Mike just wrote about how, in the wake of the abhorrent mass shooting that occurred in upstate New York over the weekend, some of our leaders have begun the normal cleansing ritual: blame the things we already hated for the new bad thing that happened whether that makes any sense at all or not. In the case of the previous post, both public servants and buffoonish Sunday news talk hosts discussed how this was all the fault of Section 230 (¯_(ツ)_/¯) and everyone’s favorite boogeyman, social media. It is abundantly clear to anyone with a brain that these two scapegoats were already targets for those now blaming them. Apparently, these people were simply lying in wait looking for a trigger so that they could shout “Social Media! Section 230!” and they decided that 10 people losing their lives in a racist attack was just that sort of thing.

As Mike said, it’s ridiculous and it should stop. The alleged shooter in this instance wrote a manifesto of absurd length, patiently detailing out his motivations for his actions. Those motivations largely concerned race, false theories about the replacement of white people within the country, and hate. To read those musings and then choose to blame an entity entirely absent from discussion is deeply cynical.

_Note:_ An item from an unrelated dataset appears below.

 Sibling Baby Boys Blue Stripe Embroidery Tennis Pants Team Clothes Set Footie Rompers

But if you thought this was going to end with social media and Section 230, well, you haven’t been paying attention. Because some trains are never late, some folks, who would very much like to obscure where this alleged mass murderer got these ideas about race from, would like you to assume this is also the fault of video games.

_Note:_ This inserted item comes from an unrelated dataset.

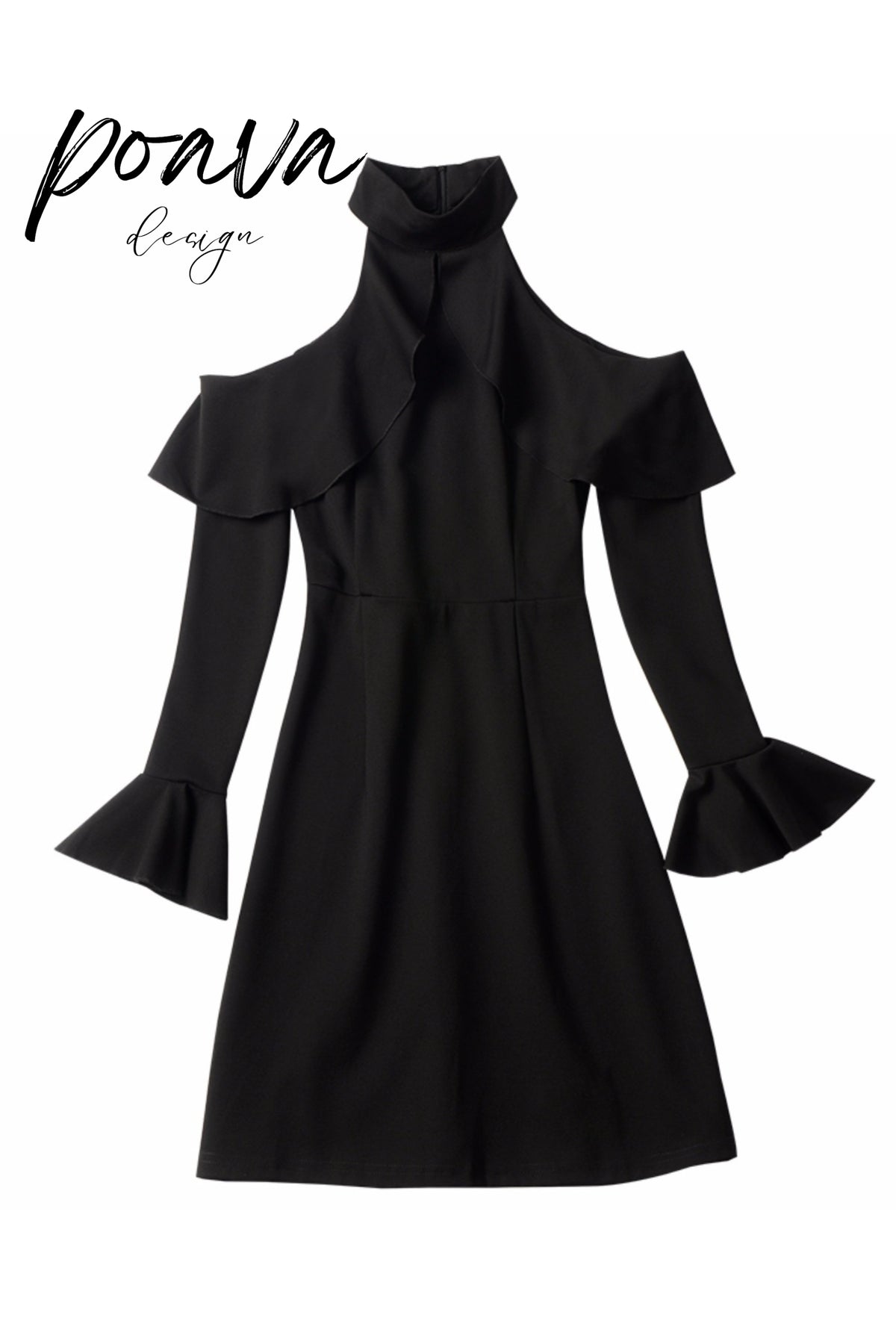 Hepburn mini dress in black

In case you cannot view the embedded tweet, I can summarize the Fox News host’s two main concepts. First, the host wonders aloud what could possibly be going through the mind of someone like the alleged mass murderer. Second, he suggests that these mass shootings have all gotten so much worse at the same time that video games have become more realistic and violent.

Let’s do this in reverse order. Casually tossing in some correlation with video games and mass murders being “worse” is quite pernicious. If Fox News has any data it would like to cite, then it should do so. As someone who has reported on this topic for something like a decade now, witnessing how gun rights groups blame gaming, politicians from one side of the aisle blame gaming, and even major media groups tacitly blame gaming, I’ve also noticed how the actual facts concerning the link between gaming and violence mostly amounts to a spectrum of “doesn’t really matter” to “definitely doesn’t matter“.

So why are a Fox News host, and others on the right, bringing this up while also feigning curiosity as to what was going on in the shooter’s mind? Quite possibly it’s because that host knows damned well that the shooter’s manifesto contained ideas quite similar to some Fox News hosts and other like-minded networks.

On May 14, a man allegedly shot and killed 10 people at a supermarket in a predominantly Black neighborhood in Buffalo, New York, using weapons adorned with white supremacist messaging. A writing uploaded online before the attack, and allegedly from the shooter, invoked the false “great replacement” conspiracy theory as the motive for the attack. The conspiracy theory claims that certain people, particularly Jews, are trying to “replace” white Americans and remove them from power. It was originally popularized in far-right online spaces but has since been espoused by some high-ranking Republican politicians such as Rep. Elise Stefanik of New York, as well as conservative media personalities like Fox News hosts Tucker Carlson and Laura Ingraham.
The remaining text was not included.